Petróleos Mexicanos (Pemex) restructuró 255 mil 388 millones de pesos de su deuda con proveedores y contratistas, y extendió los plazos de pago hasta 2033, de acuerdo con un informe enviado por la empresa a la Comisión de Bolsa y Valores de Estados Unidos (SEC, por sus siglas en inglés).
En el documento, Pemex señaló que acordó modificar los plazos de pago de los saldos correspondientes a 2025.
Detalló que este plan, que forma parte de su estrategia de gestión de liquidez, prevé realizar pagos trimestrales de capital e intereses. Al cierre del segundo trimestre, el monto restructurado con este programa ascendió a 255 mil 388 millones de pesos.
La empresa informó a finales de julio al mercado de valores de México que al cierre del segundo trimestre pagó 248 millones de pesos a proveedores en el primer semestre, usando ingresos propios y financiamiento de la Secretaría de Hacienda.
Pemex también indicó en el documento enviado a la SEC que recibió apoyo del gobierno de México por 100 mil 400 millones de pesos en el primer semestre.
La empresa reconoció que enfrenta un alto nivel de endeudamiento y otros pasivos, lo cual la expone a restricciones de liquidez.

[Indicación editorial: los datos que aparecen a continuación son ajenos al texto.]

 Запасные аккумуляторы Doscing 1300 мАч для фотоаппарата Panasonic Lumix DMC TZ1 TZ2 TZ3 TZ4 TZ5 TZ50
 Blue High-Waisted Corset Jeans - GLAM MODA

La deuda de Pemex, contraída para cubrir gastos operativos y financiar proyectos de inversión, se ubicaba al cierre del segundo trimestre en 77 mil 500 millones de dólares, 11.6 por ciento menor a la de diciembre de 2025.

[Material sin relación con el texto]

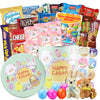 Easter Snack Green Tin Basket (46 Count) Filled with Candy, Treats and Bunny, Great Package for Family, Friends, Kids, Boys and 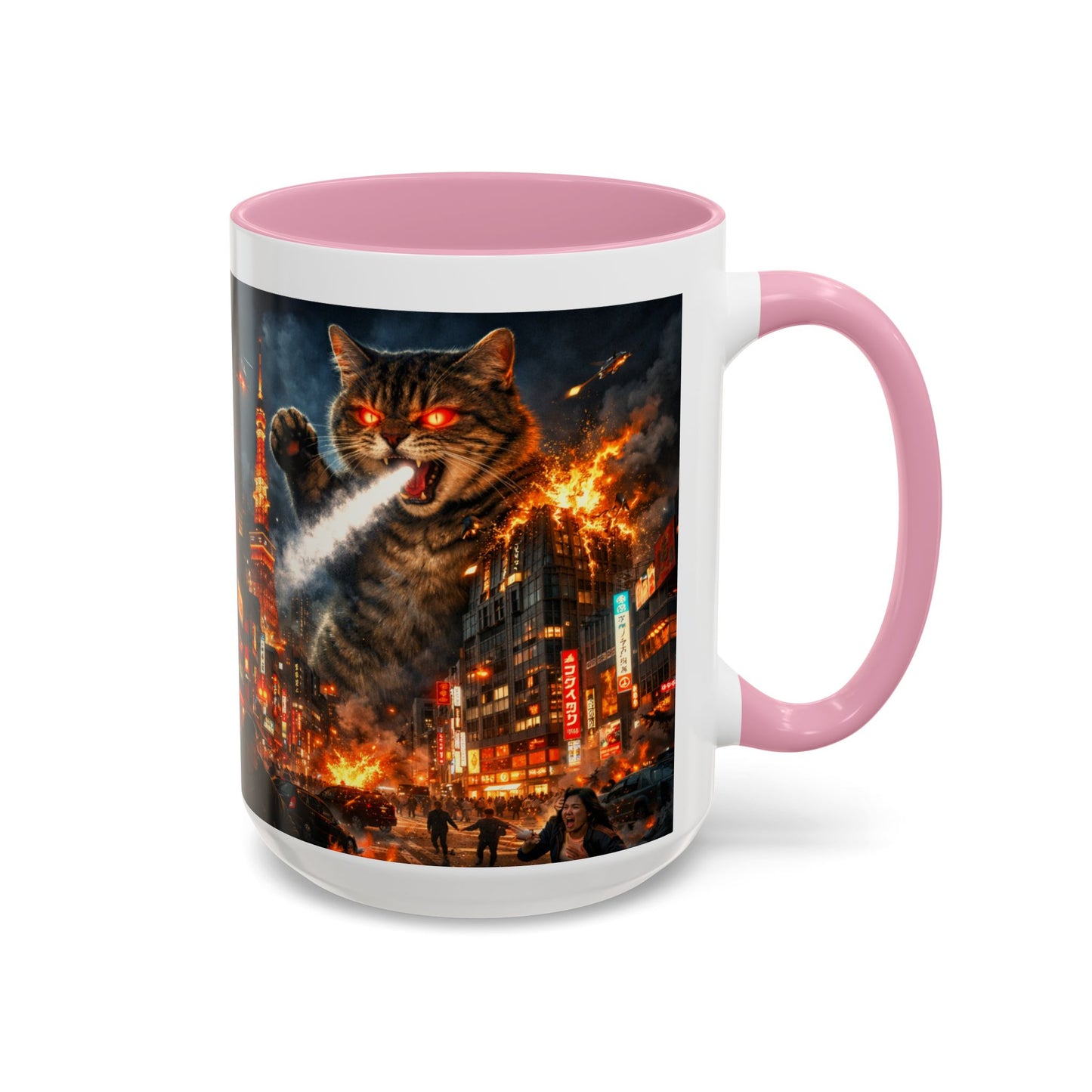 Catzilla Tokyo Cityscape Mug | Color Interior 11oz 15oz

No obstante, Pemex admitió que 34.9 por ciento de esta deuda, equivalente a 27 mil millones de dólares, vence en los próximos tres años, y sólo en 2027 deberá cubrir 12 mil 200 millones.
En el documento enviado a la SEC, la empresa acepta que su deuda puede dificultar la obtención de financiamiento en condiciones favorables y afectar negativamente su situación financiera, resultados de operación y capacidad para pagar.
Advirtió que, en última instancia, la empresa podría necesitar apoyo adicional del gobierno, el cual no está garantizado.
Apuntó que para atender el servicio de su deuda podría seguir dependiendo de flujos de efectivo operativos, líneas de crédito, aportaciones del gobierno y esquemas de financiamiento adicionales, incluido el refinanciamiento.